### What is needed
Only the lines of the data below from the one with "If you have" through the one with "Let's go ahead" are wanted. Repeat them exactly.
═════ Given information ═════
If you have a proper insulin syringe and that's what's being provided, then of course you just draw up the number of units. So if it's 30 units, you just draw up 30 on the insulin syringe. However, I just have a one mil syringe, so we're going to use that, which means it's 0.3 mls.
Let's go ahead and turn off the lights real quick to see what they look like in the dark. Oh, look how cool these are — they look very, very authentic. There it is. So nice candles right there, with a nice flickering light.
═════
═════ Given information ═════
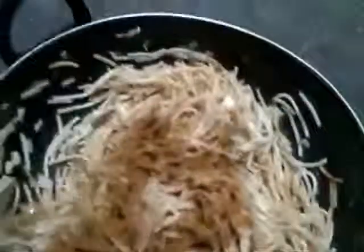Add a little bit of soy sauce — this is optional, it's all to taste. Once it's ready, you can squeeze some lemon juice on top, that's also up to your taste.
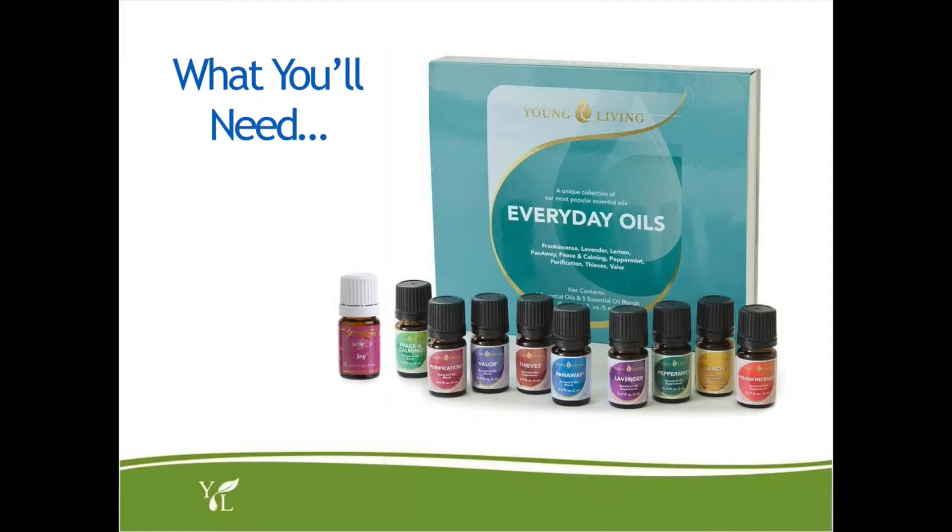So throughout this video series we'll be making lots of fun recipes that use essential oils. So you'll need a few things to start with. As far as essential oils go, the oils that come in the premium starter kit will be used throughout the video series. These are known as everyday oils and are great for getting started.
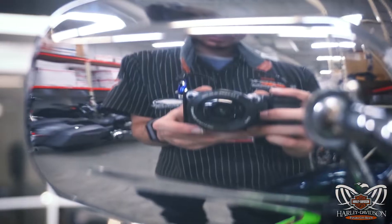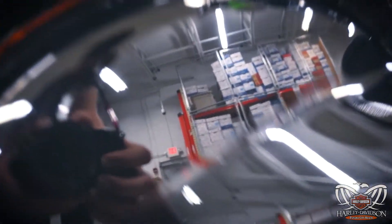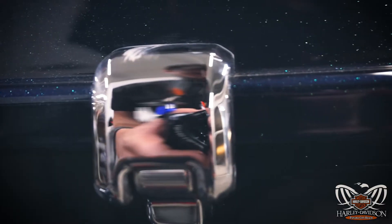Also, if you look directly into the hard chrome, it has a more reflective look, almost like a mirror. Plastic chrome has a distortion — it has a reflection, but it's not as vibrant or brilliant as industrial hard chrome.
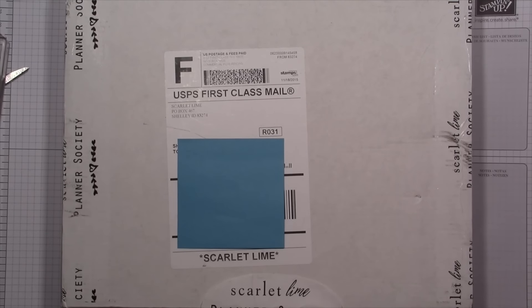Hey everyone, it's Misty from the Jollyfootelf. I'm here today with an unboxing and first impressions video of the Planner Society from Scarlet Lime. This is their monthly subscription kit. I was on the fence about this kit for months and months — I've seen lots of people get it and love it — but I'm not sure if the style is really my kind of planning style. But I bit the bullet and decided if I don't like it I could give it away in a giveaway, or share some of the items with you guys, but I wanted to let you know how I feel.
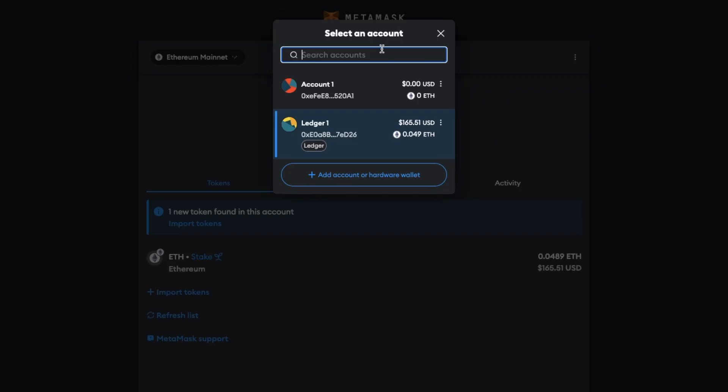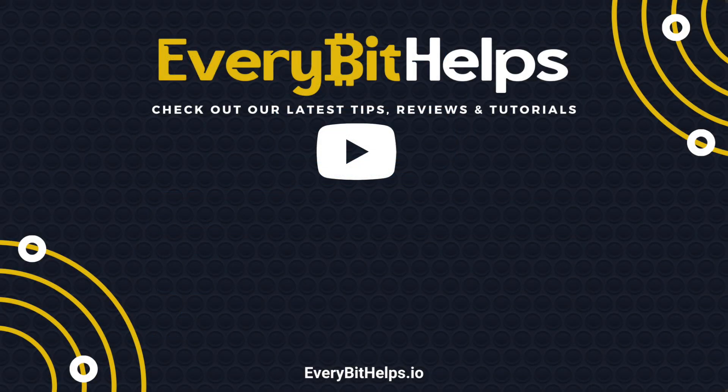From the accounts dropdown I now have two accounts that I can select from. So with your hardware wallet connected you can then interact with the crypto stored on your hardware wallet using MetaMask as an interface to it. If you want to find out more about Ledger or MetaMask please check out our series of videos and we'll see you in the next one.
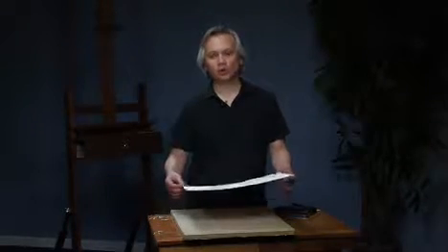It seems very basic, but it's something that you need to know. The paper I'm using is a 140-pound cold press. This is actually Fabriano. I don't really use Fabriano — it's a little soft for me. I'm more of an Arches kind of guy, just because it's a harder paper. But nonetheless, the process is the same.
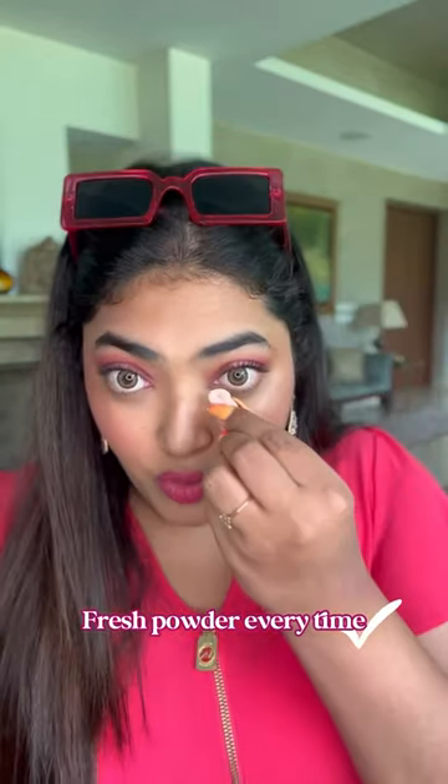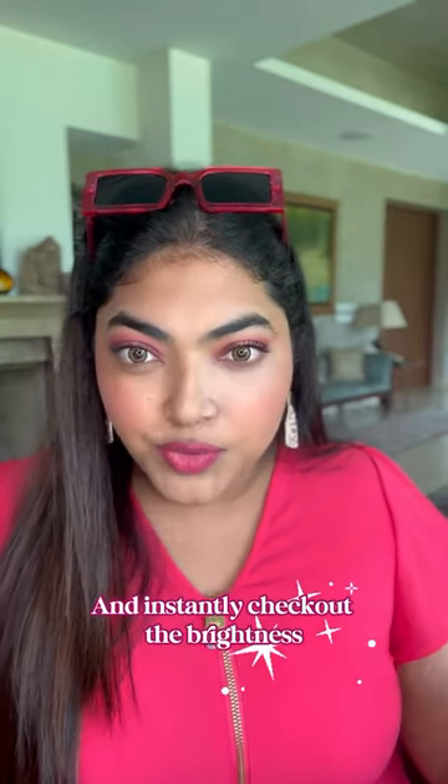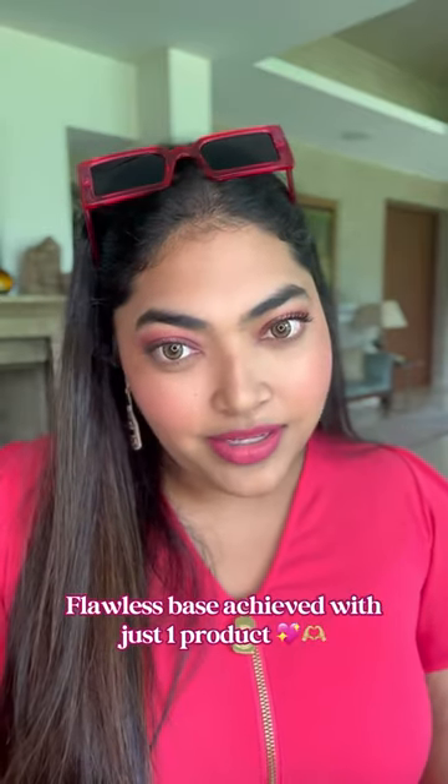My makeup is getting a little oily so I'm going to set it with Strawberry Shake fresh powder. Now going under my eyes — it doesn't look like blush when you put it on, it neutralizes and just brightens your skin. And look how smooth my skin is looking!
═════
### The answer
If you have a proper insulin syringe and that's what's being provided, then of course you just draw up the number of units. So if it's 30 units, you just draw up 30 on the insulin syringe. However, I just have a one mil syringe, so we're going to use that, which means it's 0.3 mls.
Let's go ahead and turn off the lights real quick to see what they look like in the dark. Oh, look how cool these are — they look very, very authentic. There it is. So nice candles right there, with a nice flickering light.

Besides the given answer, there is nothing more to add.